Task details: Write out, word for word and with no pictures, each line below from the one containing "Toyota AQUA 2013-07 7561833-23" through the one containing "Bắt hàng trăm", both included, and no other line.

Data for review:

#####

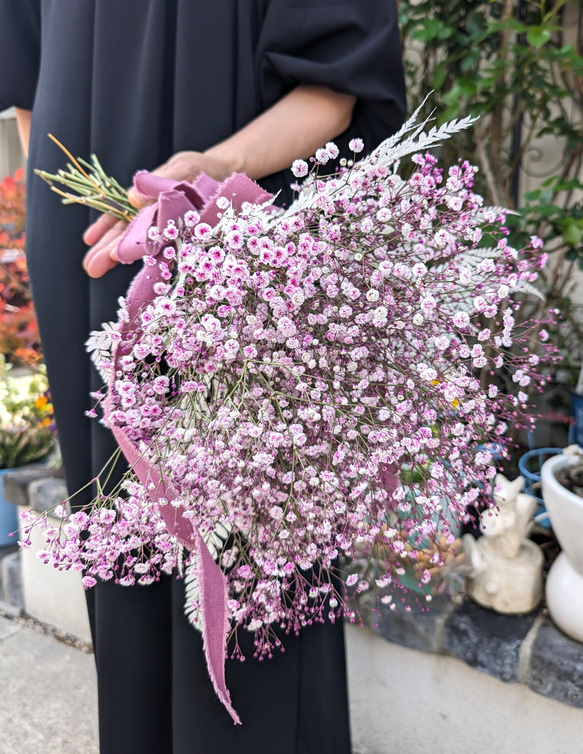 くすみピンク色のかすみ草がふんわり可愛い！大きなドライフラワースワッグ　ブーケ　花束　母の日 2枚目の画像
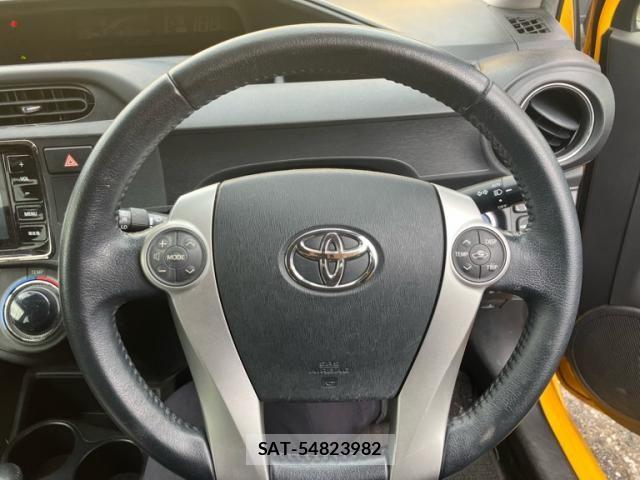 Toyota AQUA 2013-07 7561833-23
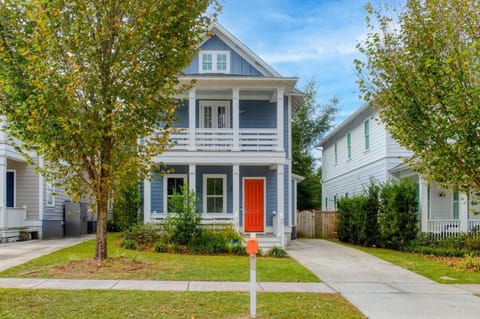 Shem Creek House- 5 Mins to Dtwn & Beach Hot Tub House in Mount Pleasant
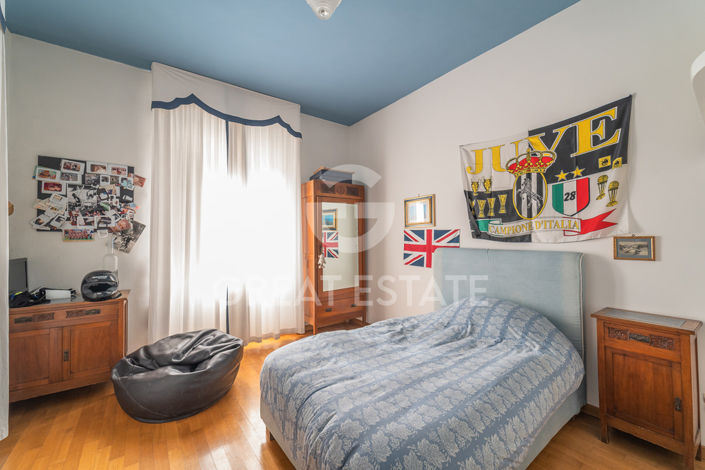 Image No.24-11 Bed Villa for sale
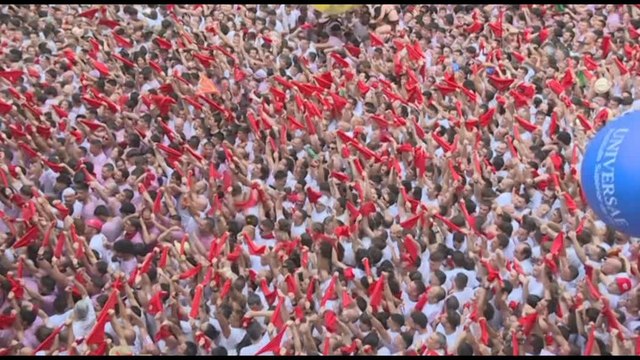 A Pamplona festa in piazza in attesa della corsa dei tori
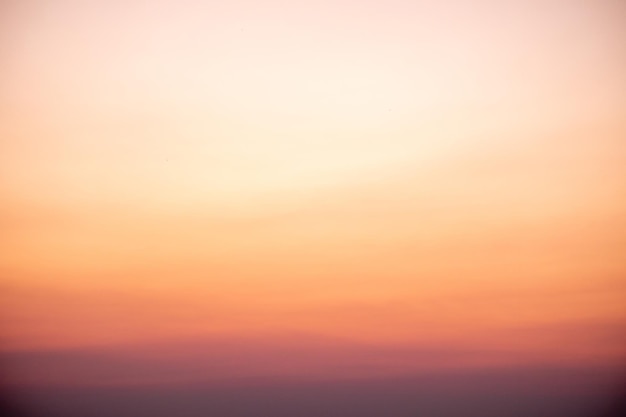 Hermosos gradientes suaves de lujo naranja dorado nubes y luz del sol en el cielo azul perfecto para el fondo tomar en everningTwilight foto de paisaje de alta definición de gran tamaño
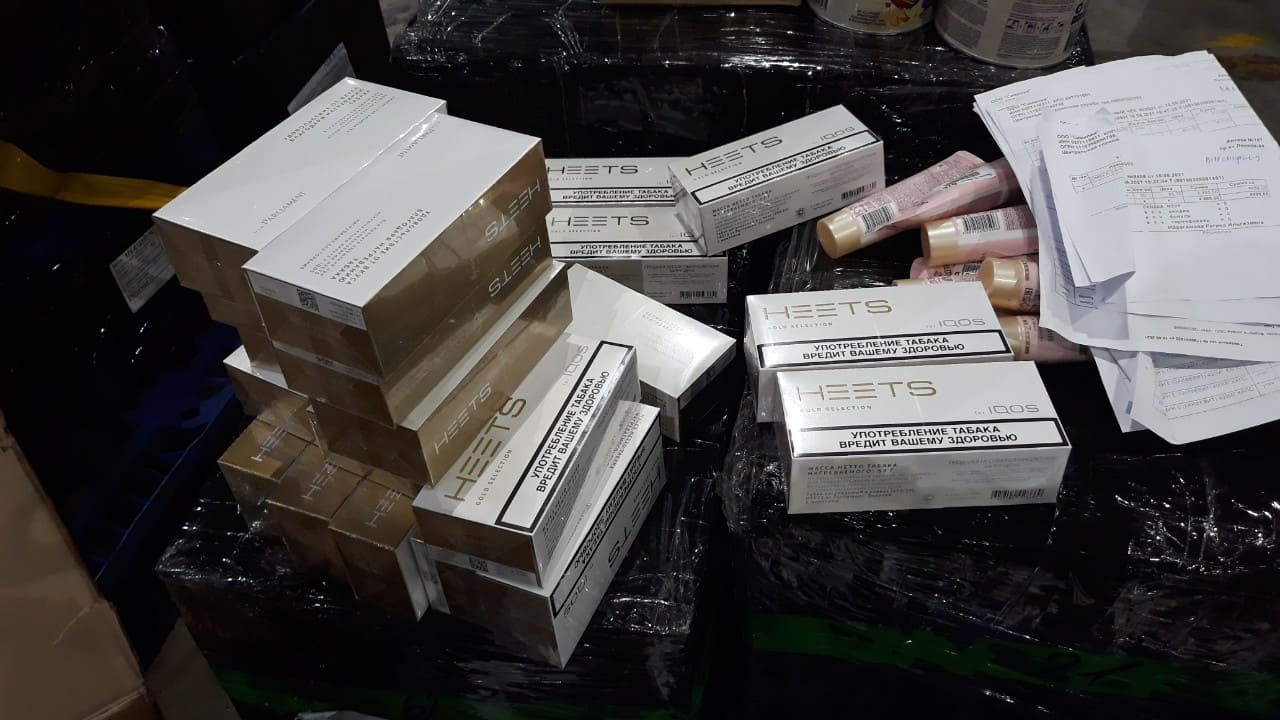 Bắt hàng trăm bộ kit test nhanh và thuốc chống dịch nhập lập ở Nội Bài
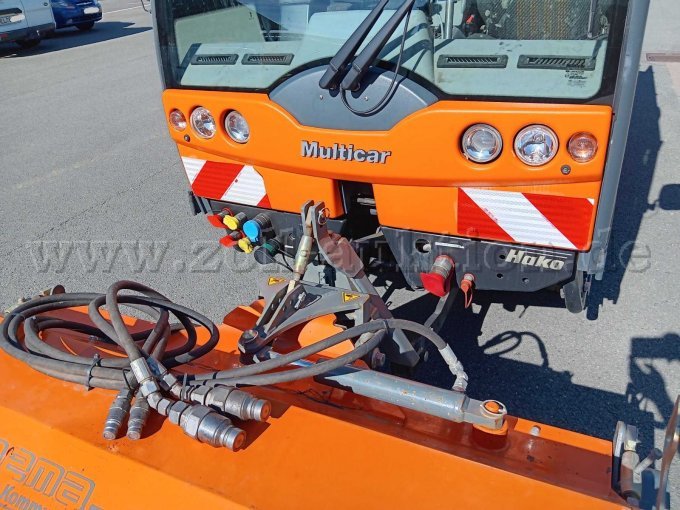 1 Hako Multicar Tremo mit Pritsche, Kehrmaschine, Streuer und Sinkkastenreiniger – foto 9 – kavel bij Zoll-Auktion, Melle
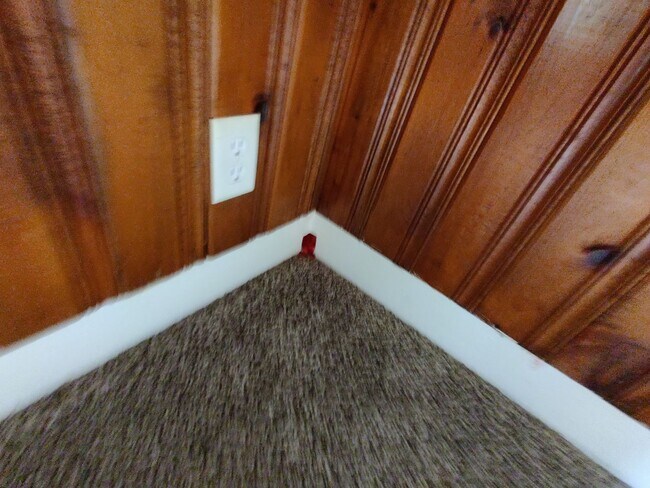 Building Photo - 402 E Walnut St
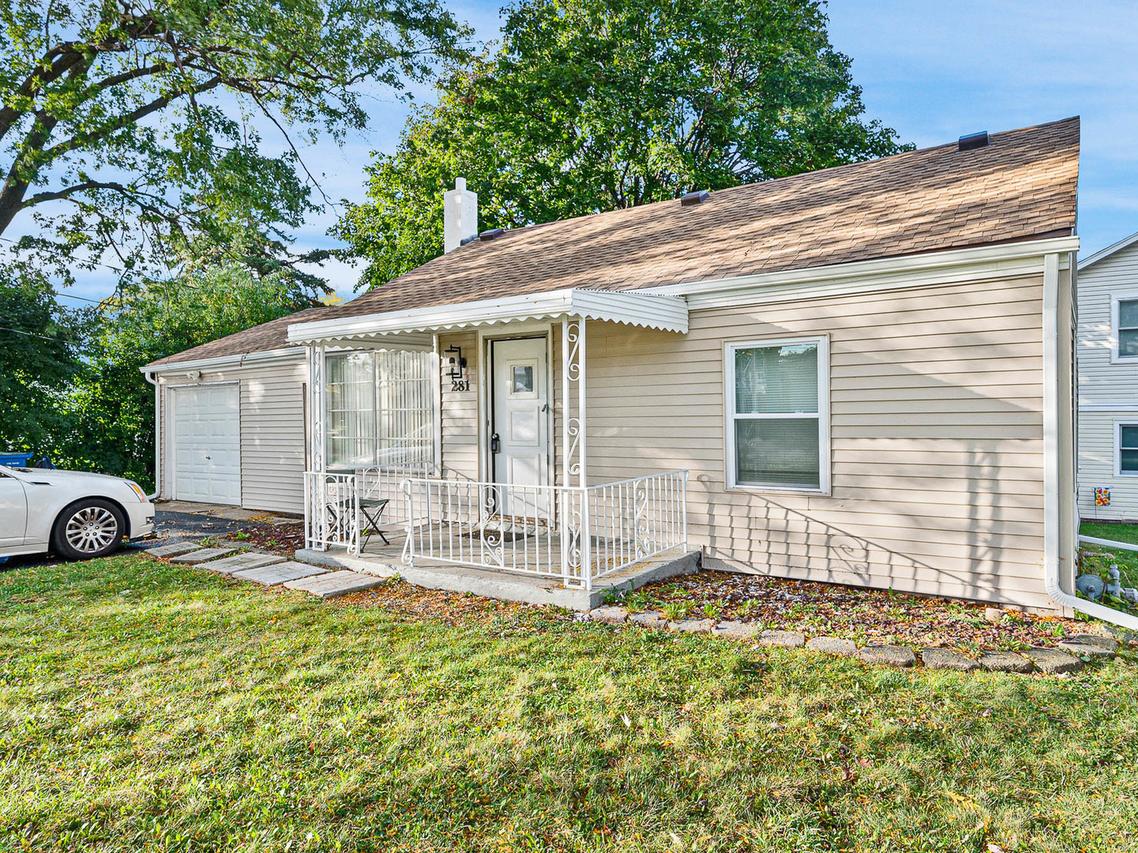281 E North End Ave., Elmhurst, IL 60126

#####

Answer below:
 Toyota AQUA 2013-07 7561833-23
 Shem Creek House- 5 Mins to Dtwn & Beach Hot Tub House in Mount Pleasant
 Image No.24-11 Bed Villa for sale
 A Pamplona festa in piazza in attesa della corsa dei tori
 Hermosos gradientes suaves de lujo naranja dorado nubes y luz del sol en el cielo azul perfecto para el fondo tomar en everningTwilight foto de paisaje de alta definición de gran tamaño
 Bắt hàng trăm bộ kit test nhanh và thuốc chống dịch nhập lập ở Nội Bài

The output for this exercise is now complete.